After lengthy talks with local MPs, he managed to get a temporary lease at Gateshead’s Old Town Hall, which allowed the brand to continue to screen films in a single theatre.
He drew heavily on his experience in marketing and also decided to hold a number of themed screenings across Newcastle to allow people greater access to the Tyneside experience while work continued.
These included a screening of It’s a Wonderful Life at the Discovery Museum, complete with mulled wine and mince pies, and also a screening of Life of Brian, at St. Mary’s Church in Newcastle, which raised a few eyebrows.
“It was about £3m more expensive for us to find an alternative location rather than sit tight and wait for the work to finish on Pilgrim Street,” he said.
“It was a big risk financially, but I believed it was more important to keep the spirit of the cinema alive while it was surrounded by scaffolding.
“It turned out to be the right decision, as we were able to screen some fantastic movies in Gateshead during that time as well as keep people informed about how things were going on Pilgrim Street. The whole thing was fabulously complicated.
“The fact is that there is not a venue like this in most major cities – and that includes Birmingham and Leeds – and we weren’t prepared to let people simply forget about it.”
The newly refurbished building is now much more than a cinema and has become one of the region’s key cultural hubs, allowing North East budding producers and digital artists to network and present their work.
Mr Dobson has also drawn on the rich history of the cinema and its place in the region by screening daily news reels of important events, with Newcastle United’s famous win over Manchester City in the 1955 FA Cup pulling in the crowds last year.
“It was always key to my vision for the new Tyneside that it should be at the heart of the local community,” he said. “This was certainly the case when it was first opened in the 30s.
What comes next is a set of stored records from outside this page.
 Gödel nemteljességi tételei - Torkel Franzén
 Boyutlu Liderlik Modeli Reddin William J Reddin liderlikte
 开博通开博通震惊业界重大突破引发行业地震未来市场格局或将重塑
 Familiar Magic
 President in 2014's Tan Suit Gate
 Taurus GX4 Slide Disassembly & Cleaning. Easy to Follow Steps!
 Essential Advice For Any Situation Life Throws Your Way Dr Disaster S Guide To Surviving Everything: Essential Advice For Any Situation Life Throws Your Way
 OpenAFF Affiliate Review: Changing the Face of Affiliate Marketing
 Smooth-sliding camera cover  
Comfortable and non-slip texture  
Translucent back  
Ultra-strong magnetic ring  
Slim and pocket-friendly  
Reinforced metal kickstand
“It was always a big concern that we should preserve this attitude and now the building is used for all sorts of purposes, from local film festivals to film and music installations. The possibilities are endless.”
By expanding the parameters of the cinema, Mark has also provided different income streams, which he said have come in handy during the recession. He said: “It’s certainly an interesting time for the film industry and they always say that you get more interesting work coming out of more challenging times.
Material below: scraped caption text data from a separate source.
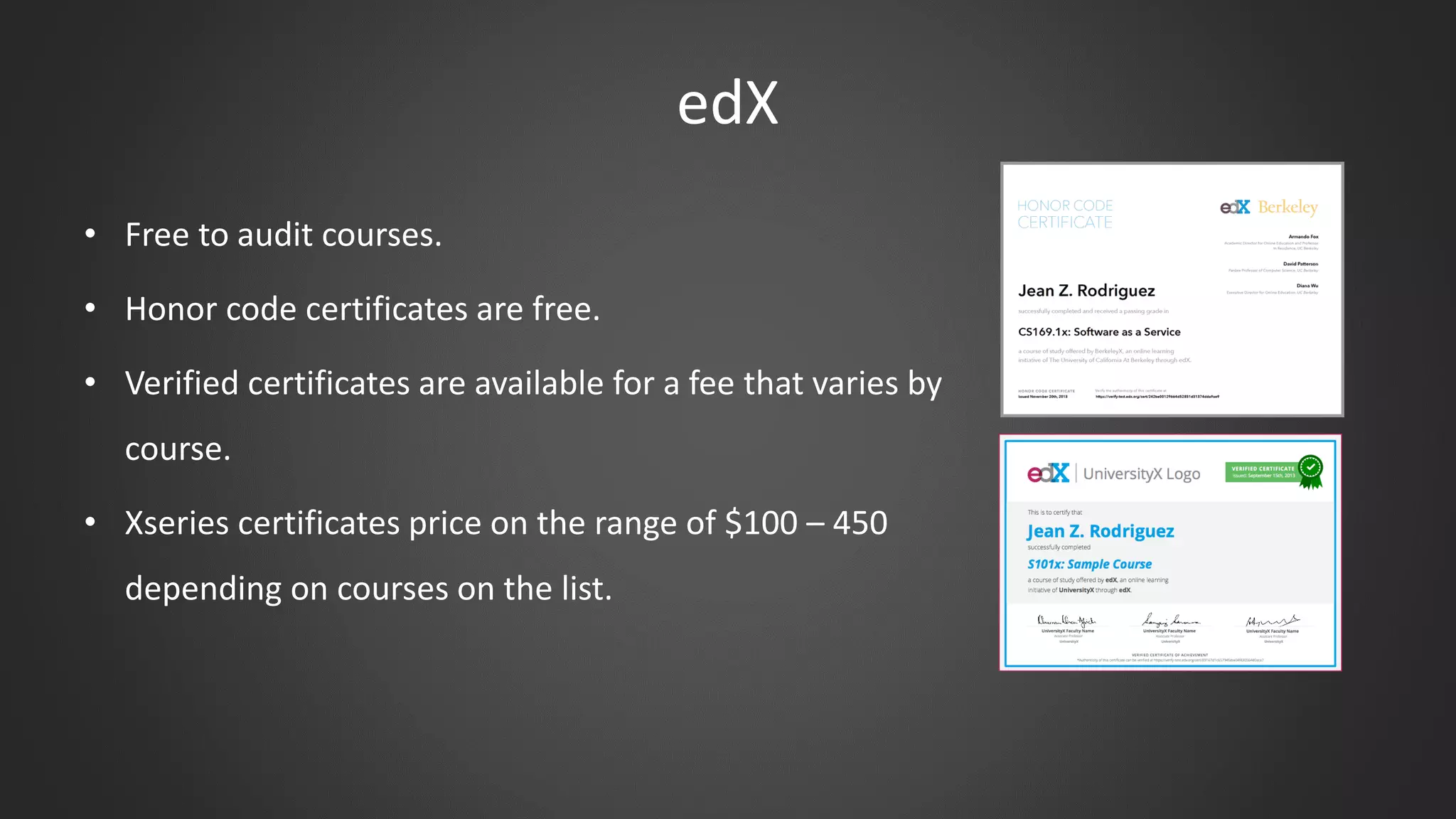 edX
• Free to audit courses.
• Honor code certificates are free.
• Verified certificates are available for a fee that varies by
course.
• Xseries certificates price on the range of $100 – 450
depending on courses on the list.
 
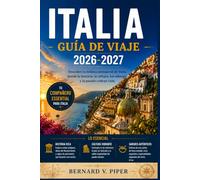 ITALIA GUÍA DE VIAJE 2026-2027: Una guía práctica para explorar calles históricas, rutas costeras, paisajes alpinos, tradiciones regionales y la vida cotidiana local.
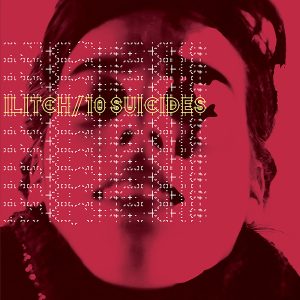 Ilitch - 10 suicides (CD-cover)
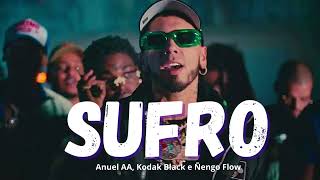 Anuel AA, Kodak Black e Ñengo Flow - Sufro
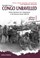 Cover of: Congo Unravelled Military Operations From Independence To The Mercenary Revolt 196068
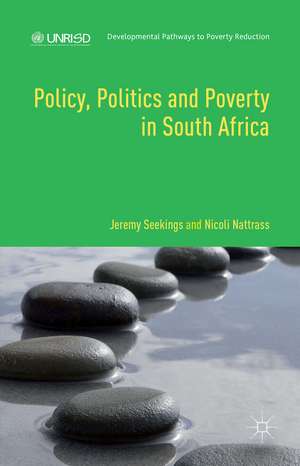 Policy, Politics and Poverty in South Africa de Jeremy Seekings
“Well, looking at the films that have been released already this year, it’s hard to argue against this. Films like The Wrestler and Slumdog Millionaire have really rejuvenated people’s love for film again, which of course has helped us in growing the cinema as a business despite tough economic conditions.”
So what now for the future? As well as being keen to build on the cinema’s digital capabilities, Mr Dobson is excited by the new generation of film- makers who have been brought up on social networking and video-sharing websites such as MySpace and You Tube.
He said: “Everyone seems to be using these kinds of sites and it’s easy to be cynical about the videos that get put up.
“However, some of them are incredibly creative and really tick the boxes for the direction that movie- making is going.
“The pace of technological advancement is getting quicker all the time, while people’s attention spans are getting shorter.
“While there will always be a place for classic movies, we must also look towards the younger generation if we are to advance as an industry.”